Imagine the following, not uncommon situation. You are happily or at least not unhappily employed at your office for a number of years. You are slowly building a career enjoying a decent salary, benefits and a retirement package. One day, a different employer approaches you with a tempting offer to quit your current job and work for him for a significantly higher salary and a number of other perks that make the offer all the more difficult to resist.
You decide to take a risk, quit your job in anticipation of being hired, and suddenly, for whatever reason, you find out the the new employer's plans to hire you fell through. You try to return to your previous place of employment but they have already found a replacement for your position. You are devastated. Not only did you lose a job through no fault of your own, but you are also not eligible for unemployment compensation benefits because you voluntarily quit.
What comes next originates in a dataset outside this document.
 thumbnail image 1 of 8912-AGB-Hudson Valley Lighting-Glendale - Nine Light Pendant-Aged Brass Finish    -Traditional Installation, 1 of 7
The above scenario has a legal remedy as it is considered fraud, fraudulent inducement and detrimental reliance. Proving fraud requires showing misrepresentation inducing reliance and damages. Lazar v. Superior Court (1996). An action for a promissory fraud may lie where the employer fraudulently induces the potential employee to enter into a contract. This would allow the aggrieved employee to recover compensatory damages (wage loss) as well as damages for associated emotional distress, pain and suffering, and possible punitive damages to punish the employer for fraudulent or reckless conduct.